Las elecciones que se desarrollan en los EEUU para suceder a George Bush no hacen más que agudizar las contradicciones del sistema y por ejemplo las encuestas dicen que hasta es posible que EEUU pueda ser gobernada por un representante de la raza negra por primera vez en su historia.
Argentina no es ajena a este proceso y a pesar que el fantasma de la dictadura aparece muy lejano, no es menos cierto que si se complican las cosas en el país del Norte, en el hemisferio sur sufriremos sus consecuencias: El problema energético, la contaminación ambiental, el cambio climático, la pérdida de confianza en el sistema económico imperante, la falta de seguridad, el hambre, la desocupación, la pobreza, etc. son lacras heredadas a la que no vamos a enfrentar con un tibio discurso de nuestros gobernantes sino con la acción decidida de nuestro pueblo.
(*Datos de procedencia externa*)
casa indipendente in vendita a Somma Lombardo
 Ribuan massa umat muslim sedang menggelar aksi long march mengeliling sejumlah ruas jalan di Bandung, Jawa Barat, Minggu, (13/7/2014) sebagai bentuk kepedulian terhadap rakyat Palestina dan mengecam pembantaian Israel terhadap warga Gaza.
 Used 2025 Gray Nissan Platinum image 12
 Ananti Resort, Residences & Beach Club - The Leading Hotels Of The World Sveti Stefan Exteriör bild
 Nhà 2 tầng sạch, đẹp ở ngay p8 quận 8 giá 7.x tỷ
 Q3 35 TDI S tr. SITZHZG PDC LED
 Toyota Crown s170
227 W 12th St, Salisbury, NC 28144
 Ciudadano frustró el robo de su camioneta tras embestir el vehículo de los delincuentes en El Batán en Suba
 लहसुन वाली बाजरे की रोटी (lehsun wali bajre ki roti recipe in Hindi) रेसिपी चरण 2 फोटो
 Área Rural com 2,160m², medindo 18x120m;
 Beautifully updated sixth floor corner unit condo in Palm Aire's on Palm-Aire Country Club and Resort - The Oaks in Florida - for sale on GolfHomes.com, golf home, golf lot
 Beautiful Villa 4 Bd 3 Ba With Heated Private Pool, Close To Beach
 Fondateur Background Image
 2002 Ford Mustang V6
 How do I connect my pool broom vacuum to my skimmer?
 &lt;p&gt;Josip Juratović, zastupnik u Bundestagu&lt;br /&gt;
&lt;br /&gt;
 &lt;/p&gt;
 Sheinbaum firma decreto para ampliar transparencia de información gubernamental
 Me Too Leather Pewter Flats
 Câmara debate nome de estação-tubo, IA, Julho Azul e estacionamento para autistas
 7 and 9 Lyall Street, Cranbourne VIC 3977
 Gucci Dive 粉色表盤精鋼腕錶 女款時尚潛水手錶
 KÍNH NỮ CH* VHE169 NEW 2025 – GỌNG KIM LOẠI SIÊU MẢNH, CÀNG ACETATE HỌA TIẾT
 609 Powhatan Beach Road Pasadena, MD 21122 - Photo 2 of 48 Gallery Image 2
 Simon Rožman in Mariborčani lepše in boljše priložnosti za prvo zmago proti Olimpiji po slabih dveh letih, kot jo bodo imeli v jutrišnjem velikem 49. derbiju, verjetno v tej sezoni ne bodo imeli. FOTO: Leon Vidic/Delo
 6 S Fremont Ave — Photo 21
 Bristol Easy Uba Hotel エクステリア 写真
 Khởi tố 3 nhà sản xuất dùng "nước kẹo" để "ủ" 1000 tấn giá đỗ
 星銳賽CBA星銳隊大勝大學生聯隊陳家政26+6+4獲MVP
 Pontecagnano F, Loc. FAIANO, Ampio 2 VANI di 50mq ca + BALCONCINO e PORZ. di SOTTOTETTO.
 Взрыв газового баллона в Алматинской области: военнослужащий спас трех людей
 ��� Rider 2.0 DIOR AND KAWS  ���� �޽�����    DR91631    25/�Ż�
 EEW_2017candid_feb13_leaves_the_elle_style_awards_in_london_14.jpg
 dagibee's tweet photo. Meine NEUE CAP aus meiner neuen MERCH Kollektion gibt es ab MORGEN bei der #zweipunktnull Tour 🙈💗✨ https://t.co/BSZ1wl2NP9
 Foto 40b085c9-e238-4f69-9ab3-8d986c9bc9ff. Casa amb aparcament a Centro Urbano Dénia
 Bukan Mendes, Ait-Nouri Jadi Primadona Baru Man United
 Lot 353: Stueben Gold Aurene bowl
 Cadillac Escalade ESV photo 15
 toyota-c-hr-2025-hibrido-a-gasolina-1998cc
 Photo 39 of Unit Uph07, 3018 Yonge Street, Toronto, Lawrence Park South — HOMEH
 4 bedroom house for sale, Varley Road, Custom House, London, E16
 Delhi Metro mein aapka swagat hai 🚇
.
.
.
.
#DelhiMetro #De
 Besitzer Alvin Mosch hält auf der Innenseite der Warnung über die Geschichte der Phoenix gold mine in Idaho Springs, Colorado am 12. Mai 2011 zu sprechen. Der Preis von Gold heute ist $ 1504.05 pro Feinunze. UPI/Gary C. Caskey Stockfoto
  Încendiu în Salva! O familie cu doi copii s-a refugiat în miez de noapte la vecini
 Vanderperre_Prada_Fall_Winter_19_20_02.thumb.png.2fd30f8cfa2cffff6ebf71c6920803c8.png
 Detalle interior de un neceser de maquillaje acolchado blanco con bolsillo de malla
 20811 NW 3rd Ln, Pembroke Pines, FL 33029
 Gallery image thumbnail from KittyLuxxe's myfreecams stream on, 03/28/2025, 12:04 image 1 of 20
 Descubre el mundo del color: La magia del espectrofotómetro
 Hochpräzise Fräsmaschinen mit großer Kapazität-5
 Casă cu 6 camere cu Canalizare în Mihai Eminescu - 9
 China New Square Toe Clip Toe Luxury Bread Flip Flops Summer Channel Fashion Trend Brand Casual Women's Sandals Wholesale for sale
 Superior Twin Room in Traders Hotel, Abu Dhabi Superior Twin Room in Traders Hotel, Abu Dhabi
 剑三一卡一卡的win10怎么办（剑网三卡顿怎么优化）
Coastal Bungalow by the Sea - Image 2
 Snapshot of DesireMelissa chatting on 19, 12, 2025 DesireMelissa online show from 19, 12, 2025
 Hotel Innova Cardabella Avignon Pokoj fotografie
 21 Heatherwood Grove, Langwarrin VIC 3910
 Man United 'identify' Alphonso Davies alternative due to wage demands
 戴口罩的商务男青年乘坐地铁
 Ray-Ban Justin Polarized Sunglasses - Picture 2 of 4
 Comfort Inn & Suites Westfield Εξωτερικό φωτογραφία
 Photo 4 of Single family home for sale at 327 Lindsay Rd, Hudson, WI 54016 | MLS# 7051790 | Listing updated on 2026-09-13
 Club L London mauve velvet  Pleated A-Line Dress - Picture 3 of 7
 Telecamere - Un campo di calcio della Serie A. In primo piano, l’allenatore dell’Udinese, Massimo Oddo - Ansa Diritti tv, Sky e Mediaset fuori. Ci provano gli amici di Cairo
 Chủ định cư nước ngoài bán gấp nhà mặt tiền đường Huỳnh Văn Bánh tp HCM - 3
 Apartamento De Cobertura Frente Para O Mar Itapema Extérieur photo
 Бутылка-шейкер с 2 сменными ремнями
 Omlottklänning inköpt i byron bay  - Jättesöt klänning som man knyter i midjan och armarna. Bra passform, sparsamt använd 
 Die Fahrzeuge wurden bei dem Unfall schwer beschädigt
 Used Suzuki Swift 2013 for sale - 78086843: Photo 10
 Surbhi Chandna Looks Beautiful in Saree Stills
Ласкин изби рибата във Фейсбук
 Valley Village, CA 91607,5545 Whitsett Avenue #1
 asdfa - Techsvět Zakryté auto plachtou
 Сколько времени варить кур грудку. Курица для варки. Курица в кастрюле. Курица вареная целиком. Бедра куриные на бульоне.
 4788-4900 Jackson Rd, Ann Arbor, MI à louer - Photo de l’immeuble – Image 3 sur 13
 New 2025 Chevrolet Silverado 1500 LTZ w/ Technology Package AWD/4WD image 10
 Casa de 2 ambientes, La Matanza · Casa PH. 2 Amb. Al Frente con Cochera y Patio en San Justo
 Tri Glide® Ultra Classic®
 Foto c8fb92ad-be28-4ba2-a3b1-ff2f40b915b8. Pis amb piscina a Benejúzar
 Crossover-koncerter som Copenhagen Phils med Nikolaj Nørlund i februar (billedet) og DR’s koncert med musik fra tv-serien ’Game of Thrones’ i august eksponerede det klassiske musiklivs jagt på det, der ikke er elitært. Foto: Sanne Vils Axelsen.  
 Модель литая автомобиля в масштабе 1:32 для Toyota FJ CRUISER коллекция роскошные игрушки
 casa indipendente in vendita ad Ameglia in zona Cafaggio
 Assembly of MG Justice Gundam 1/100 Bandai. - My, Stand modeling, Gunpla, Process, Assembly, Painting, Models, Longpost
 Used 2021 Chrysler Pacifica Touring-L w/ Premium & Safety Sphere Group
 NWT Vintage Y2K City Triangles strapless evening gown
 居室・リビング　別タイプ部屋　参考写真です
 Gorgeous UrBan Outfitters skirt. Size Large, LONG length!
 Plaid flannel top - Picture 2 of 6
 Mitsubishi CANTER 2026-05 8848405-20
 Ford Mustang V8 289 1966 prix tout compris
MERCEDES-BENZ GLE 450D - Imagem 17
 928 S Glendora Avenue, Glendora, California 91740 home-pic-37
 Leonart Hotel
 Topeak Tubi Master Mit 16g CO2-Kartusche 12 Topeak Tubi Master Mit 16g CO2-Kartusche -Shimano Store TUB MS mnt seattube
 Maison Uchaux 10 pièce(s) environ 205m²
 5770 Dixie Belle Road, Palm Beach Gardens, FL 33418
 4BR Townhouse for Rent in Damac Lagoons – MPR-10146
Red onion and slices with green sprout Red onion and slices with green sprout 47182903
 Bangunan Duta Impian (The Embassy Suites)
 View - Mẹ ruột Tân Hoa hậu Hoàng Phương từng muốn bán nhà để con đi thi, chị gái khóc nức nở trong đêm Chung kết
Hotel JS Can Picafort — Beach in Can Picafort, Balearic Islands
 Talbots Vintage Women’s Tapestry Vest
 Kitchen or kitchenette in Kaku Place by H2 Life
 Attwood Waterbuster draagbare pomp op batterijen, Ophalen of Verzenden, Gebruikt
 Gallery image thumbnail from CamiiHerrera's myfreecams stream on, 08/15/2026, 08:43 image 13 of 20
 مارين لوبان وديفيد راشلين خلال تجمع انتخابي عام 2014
Por que no somos la niña bonita ni los privilegiados del mundo: Solamente somos un país con algunas libertades que debe crecer con el esfuerzo de todos y no debe bajar los brazos hasta no ver plantada la bandera de la dignidad, la igualdad y garantizados nuestros derechos mas elementales: Trabajo, Educación para todos, Vivienda, Salarios Dignos. Y aunque no vivamos en guerra debemos saber que el enemigo se prepara todos los días para vencer, como en Irak, como en Palestina, África y toda la extensión de América que nos incluye, aún cuando estamos en el otro extremo del continente.

El Director
Juan Carlos Cerpa


HISTORIAS DE CÓRDOBA
La Córdoba Religiosa, Poética, Estudiantil, Deportiva, Turística y Revolucionaria

Sur Cultural, que nació en la zona sur de Córdoba capital quiso esta vez realizar un repaso histórico que sirviera de homenaje a todo lo que tiene que ver con Córdoba sacando de la caja de los recuerdos historias, personajes, monumentos, escritores que reflejan a la cultura de esta provincia mediterránea, casi como para refrescar la memoria de nuestros mayores y mostrar a las nuevas generaciones parte de nuestro patrimonio. Es solo un intento: nuestros lectores tienen la última palabra.

CÓRDOBA DE LAS CAMPANAS:
Córdoba de la Nueva Andalucía, fue fundada el 6 de julio de 1573 por el sevillano Don Jerónimo Luis de Cabrera. En el decurso del tiempo quedaron las huellas de su estructura colonial conformadoras del ahora llamado "Centro Histórico" enriquecido por los movimientos religiosos y por su contenido cultural.
Su patrimonio arquitectónico - urbanístico, cuyos testimonios más antiguos datan de la primera mitad del siglo XVII, se conservan como una de las más importantes de América del Sur, encerrado de manera especial en los grandes templos y conventos religiosos y estancias jesuíticas diseminadas por toda la extensión de esta provincia.
La mano de obra aborigen, junto a la de los inmigrantes españoles, italianos y franceses ha dejado construcciones ejemplares entre las que se cuentan el legado jesuítico y las Iglesias nombradas en el hermoso poema "Córdoba de las Campanas" de Arturo Capdevila.


Iglesia Catedral

Eran unas dulces
claras notas finas.
Eran las campanas
de las Catalinas

Eran un canto alado
como de promesa.
Eran las campanas
de Santa Teresa

Eran una voz
diciendo un distinto.
Eran las campanas
de Santo Domingo

Eran una voz mansa
llamando al aprisco.
Llamaban a misa
las de San Francisco

Eran unas voces
de amor hecho sed.
A misa llamaban
las de la Merced

Eran una voz llena
diciendo María.
Eran las campanas
de la Compañía

Eran unas notas
de bronce y cristal.
Con altos acentos
ahuyentando el mal

O Gloria diciendo
con el claro metal.
¡Eran las campanas
de la Catedral!

Serán como risas
cuando rien dos,
rebiques del Huerto
y del Niño Dios.


Manzana Jesuítica

 

LOS ESTUDIANTES:
Abajo de un puente en pleno centro cordobés, y a merced de las crecidas del río Suquía, vive Johana Mercado, de 11 años: la primera escolta de la escuela Grecia de esta capital, y una de las más admiradas desde que un canal de tevé la mostró el viernes en su acto escolar. La pequeña tiene el segundo promedio más alto de su camada, sueña con ser abogada y sabe, con una certeza que impacta cuando se mira el fondo de sus ojos oscuros, que "la escuela es el único modo de salir de todo ésto". ¿Y qué es ésto? Johana señala el cielo protector de un puente sobre el río. O mejor: de un pedacito del puente Maipú, donde "un señor" dejó que la nena, su papá lustrabotas, la mamá y sus otras cuatro hermanitas, se queden "por un tiempo".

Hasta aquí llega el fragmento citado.